__Prompt__: Begin with the line below holding "Daisy Duke Bandana" and go on through the line holding "A Natural History", duplicating each line exactly and leaving out pictures.

__Given information__:
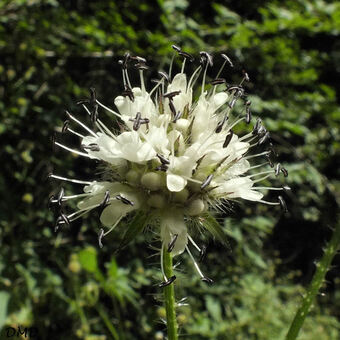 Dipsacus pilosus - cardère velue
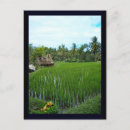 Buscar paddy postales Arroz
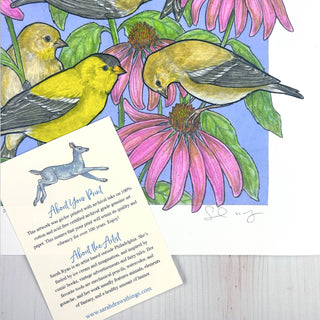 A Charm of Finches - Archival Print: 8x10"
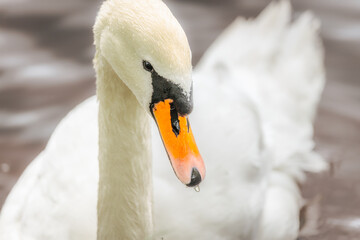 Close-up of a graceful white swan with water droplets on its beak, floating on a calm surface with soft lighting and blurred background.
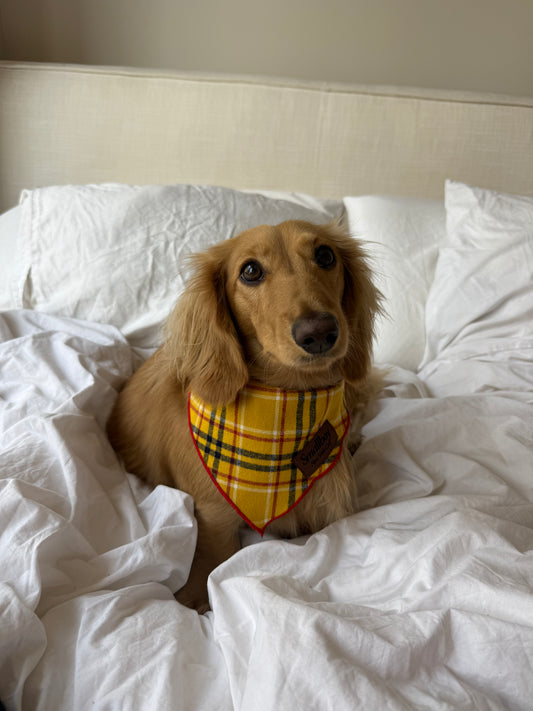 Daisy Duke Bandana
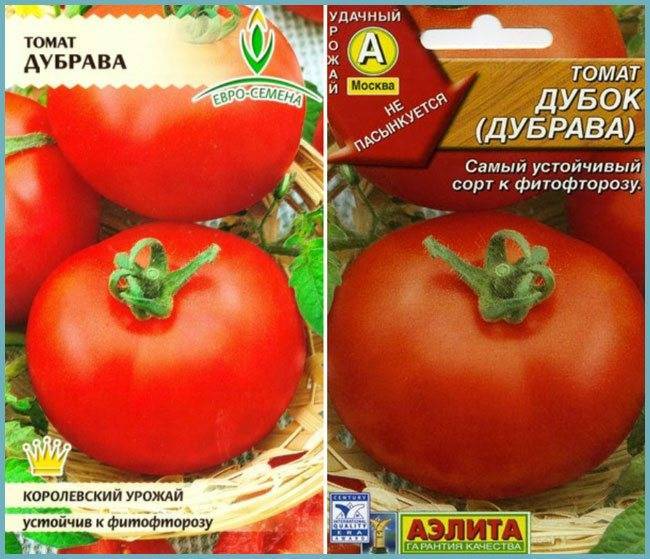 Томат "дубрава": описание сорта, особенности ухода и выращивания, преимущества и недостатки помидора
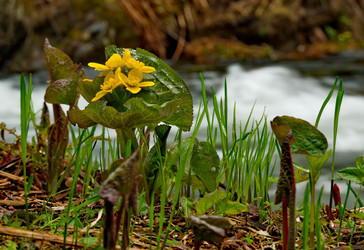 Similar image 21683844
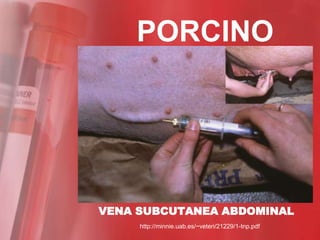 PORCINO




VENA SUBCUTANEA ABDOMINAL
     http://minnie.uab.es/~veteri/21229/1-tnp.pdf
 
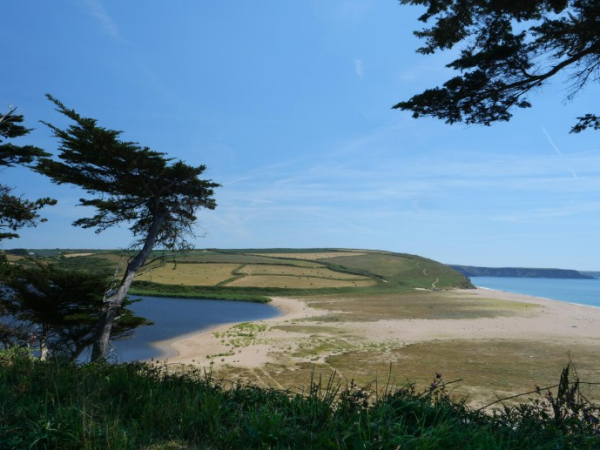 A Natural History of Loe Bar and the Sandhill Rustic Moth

--

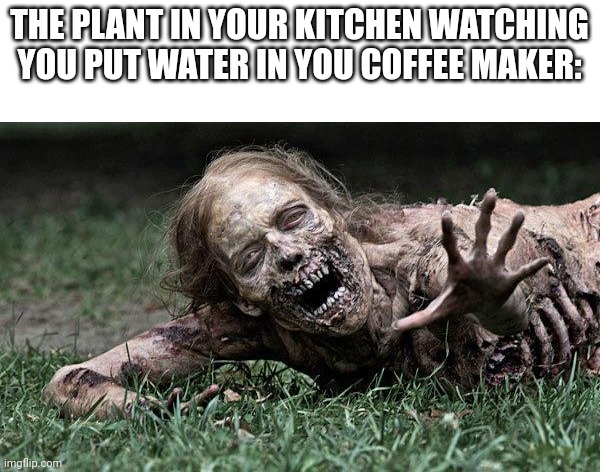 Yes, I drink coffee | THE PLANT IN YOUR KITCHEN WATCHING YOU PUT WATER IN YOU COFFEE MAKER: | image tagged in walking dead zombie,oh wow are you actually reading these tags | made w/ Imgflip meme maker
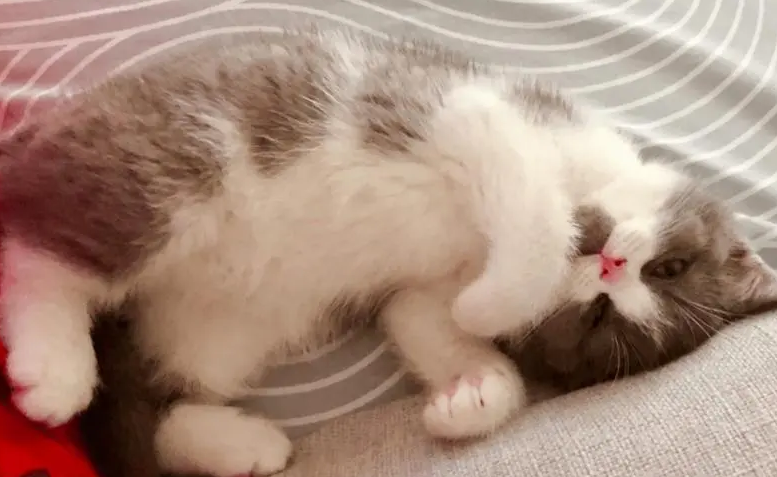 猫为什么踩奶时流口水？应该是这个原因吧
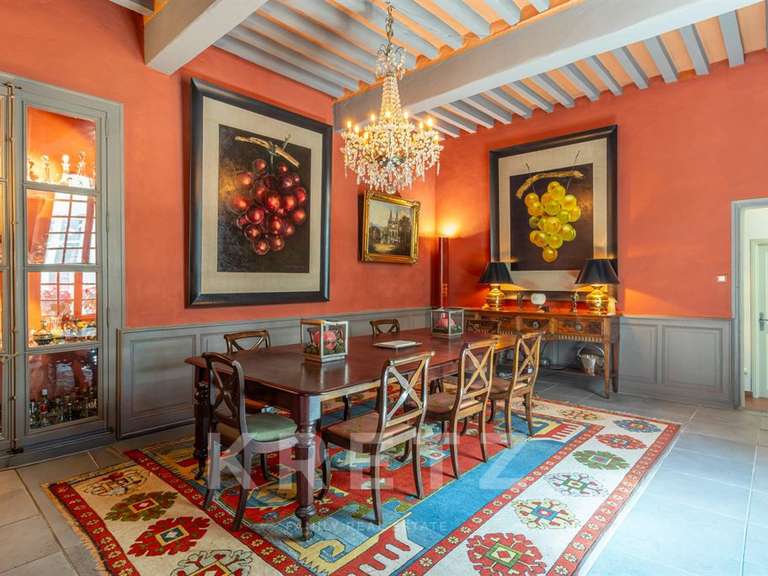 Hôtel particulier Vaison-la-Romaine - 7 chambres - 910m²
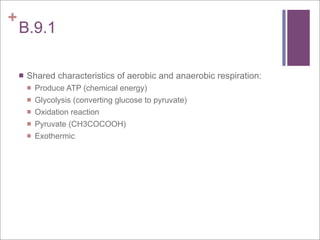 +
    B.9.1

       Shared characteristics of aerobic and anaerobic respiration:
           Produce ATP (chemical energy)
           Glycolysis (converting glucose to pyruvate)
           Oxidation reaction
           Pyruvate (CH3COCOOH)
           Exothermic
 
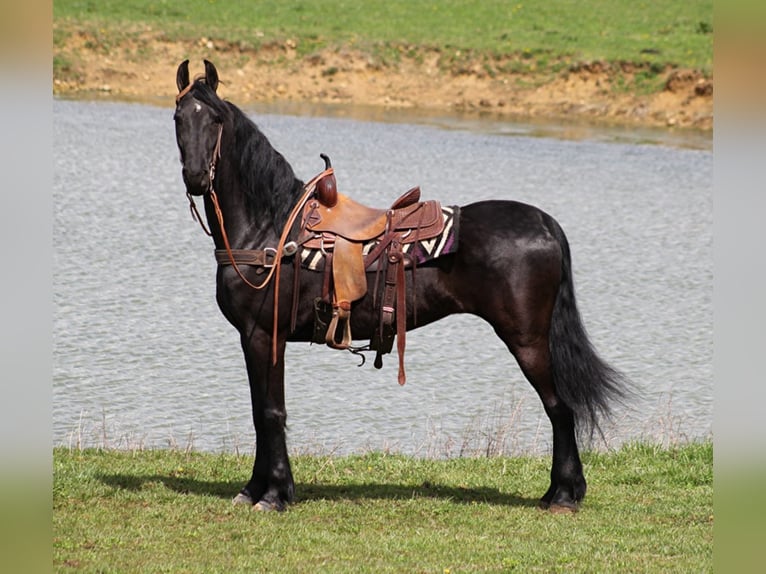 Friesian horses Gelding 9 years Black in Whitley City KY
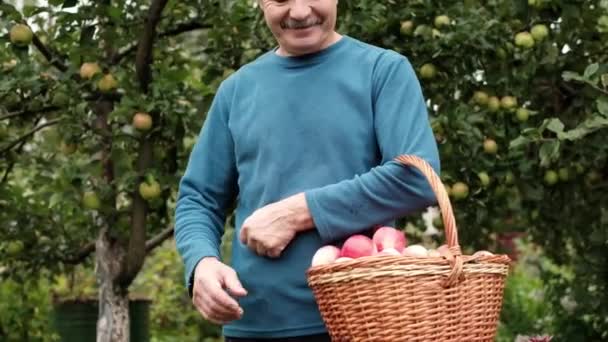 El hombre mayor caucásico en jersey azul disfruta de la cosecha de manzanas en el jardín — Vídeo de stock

__Exercise solution__:
 Daisy Duke Bandana
 Томат "дубрава": описание сорта, особенности ухода и выращивания, преимущества и недостатки помидора
 Similar image 21683844
 PORCINO




VENA SUBCUTANEA ABDOMINAL
     http://minnie.uab.es/~veteri/21229/1-tnp.pdf
 
 A Natural History of Loe Bar and the Sandhill Rustic Moth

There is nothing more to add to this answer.